Dataset entries:
'''
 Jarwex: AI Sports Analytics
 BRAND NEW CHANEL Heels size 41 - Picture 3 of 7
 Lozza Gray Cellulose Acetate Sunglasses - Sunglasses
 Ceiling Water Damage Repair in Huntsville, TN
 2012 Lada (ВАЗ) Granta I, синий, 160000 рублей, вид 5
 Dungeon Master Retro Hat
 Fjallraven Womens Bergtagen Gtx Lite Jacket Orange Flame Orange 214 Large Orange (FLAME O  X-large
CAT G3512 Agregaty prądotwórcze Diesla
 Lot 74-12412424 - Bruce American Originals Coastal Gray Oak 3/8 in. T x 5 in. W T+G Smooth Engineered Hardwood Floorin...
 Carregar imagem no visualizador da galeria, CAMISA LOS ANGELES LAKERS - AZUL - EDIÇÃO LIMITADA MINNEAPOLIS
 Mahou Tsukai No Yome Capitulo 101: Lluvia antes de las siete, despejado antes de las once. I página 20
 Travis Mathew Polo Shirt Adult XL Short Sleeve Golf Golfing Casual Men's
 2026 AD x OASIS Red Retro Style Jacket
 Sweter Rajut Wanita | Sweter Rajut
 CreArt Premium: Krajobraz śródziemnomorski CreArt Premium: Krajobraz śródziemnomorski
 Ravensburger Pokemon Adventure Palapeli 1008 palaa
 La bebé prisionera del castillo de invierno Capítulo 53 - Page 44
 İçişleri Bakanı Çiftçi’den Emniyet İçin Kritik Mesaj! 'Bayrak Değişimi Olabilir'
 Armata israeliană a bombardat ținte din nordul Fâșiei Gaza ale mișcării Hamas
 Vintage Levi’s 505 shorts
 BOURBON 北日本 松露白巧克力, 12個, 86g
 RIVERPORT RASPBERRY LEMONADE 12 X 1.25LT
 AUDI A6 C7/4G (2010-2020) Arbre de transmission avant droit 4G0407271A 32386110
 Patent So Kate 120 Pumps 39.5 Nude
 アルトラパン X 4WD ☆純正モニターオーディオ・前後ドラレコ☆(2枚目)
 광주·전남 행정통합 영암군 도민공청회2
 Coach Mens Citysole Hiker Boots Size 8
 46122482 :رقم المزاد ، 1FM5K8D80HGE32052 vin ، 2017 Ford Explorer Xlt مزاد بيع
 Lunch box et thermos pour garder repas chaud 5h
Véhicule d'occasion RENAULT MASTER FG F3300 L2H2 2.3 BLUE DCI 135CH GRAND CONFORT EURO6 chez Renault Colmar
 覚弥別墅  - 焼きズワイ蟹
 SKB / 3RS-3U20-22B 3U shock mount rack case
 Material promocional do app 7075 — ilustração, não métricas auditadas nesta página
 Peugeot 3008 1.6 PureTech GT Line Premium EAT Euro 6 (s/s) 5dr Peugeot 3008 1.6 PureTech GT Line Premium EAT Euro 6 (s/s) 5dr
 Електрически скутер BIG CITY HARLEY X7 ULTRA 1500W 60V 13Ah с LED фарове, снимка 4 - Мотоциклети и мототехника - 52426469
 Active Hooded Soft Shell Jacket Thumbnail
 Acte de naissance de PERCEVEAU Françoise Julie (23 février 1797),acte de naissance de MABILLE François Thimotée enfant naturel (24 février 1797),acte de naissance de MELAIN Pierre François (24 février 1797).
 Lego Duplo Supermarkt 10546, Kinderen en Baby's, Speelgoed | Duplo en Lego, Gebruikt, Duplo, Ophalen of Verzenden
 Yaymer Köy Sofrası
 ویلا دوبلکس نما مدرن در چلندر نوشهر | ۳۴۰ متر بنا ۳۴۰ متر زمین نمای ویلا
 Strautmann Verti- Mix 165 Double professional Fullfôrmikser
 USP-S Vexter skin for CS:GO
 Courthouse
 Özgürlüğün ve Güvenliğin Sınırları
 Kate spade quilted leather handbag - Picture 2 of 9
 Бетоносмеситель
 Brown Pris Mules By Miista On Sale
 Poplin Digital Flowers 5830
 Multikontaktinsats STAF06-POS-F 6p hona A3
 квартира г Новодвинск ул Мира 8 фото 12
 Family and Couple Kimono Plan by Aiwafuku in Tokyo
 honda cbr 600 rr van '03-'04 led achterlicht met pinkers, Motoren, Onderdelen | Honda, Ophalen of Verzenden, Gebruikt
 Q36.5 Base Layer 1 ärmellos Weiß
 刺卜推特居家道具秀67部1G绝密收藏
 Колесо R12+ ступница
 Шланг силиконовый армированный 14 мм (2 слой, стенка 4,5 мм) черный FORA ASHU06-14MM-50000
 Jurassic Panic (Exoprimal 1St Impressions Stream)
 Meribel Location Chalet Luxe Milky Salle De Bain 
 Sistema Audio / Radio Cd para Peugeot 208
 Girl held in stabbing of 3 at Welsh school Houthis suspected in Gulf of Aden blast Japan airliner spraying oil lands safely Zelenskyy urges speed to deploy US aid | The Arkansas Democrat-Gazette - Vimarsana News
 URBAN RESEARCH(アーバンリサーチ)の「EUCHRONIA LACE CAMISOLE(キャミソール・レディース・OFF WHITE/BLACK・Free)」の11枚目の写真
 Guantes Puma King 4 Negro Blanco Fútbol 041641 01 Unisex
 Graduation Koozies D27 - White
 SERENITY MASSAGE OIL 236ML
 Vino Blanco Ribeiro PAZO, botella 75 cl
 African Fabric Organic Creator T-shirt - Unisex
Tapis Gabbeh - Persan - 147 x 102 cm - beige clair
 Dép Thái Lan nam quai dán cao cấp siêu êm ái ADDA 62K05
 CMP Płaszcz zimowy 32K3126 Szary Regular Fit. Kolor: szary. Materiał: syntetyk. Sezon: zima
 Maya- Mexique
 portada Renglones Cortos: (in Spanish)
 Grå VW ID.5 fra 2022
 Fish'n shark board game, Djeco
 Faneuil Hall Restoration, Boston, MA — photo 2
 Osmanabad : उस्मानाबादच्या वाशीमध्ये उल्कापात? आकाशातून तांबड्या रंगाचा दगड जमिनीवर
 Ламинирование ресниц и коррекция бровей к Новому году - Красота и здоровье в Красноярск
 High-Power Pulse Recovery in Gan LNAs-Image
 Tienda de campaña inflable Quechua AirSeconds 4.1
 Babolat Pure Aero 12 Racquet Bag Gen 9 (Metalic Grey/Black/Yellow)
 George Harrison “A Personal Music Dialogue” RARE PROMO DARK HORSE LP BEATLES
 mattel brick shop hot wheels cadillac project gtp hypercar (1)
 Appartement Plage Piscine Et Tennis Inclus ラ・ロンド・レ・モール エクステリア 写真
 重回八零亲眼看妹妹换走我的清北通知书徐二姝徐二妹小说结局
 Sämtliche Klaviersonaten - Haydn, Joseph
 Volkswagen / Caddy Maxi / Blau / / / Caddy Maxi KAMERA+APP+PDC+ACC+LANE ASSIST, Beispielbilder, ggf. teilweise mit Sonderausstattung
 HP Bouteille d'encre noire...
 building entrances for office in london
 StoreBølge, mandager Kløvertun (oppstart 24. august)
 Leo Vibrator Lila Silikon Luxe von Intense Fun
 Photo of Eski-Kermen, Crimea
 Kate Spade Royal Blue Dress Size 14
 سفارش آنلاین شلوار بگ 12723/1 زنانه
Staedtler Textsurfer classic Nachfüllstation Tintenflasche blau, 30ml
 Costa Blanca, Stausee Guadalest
'''
ASSIGNED TASK: Copy out every line in the entries above that holds "Peugeot".

EXPECTED ANSWER:
 Peugeot 3008 1.6 PureTech GT Line Premium EAT Euro 6 (s/s) 5dr Peugeot 3008 1.6 PureTech GT Line Premium EAT Euro 6 (s/s) 5dr
 Sistema Audio / Radio Cd para Peugeot 208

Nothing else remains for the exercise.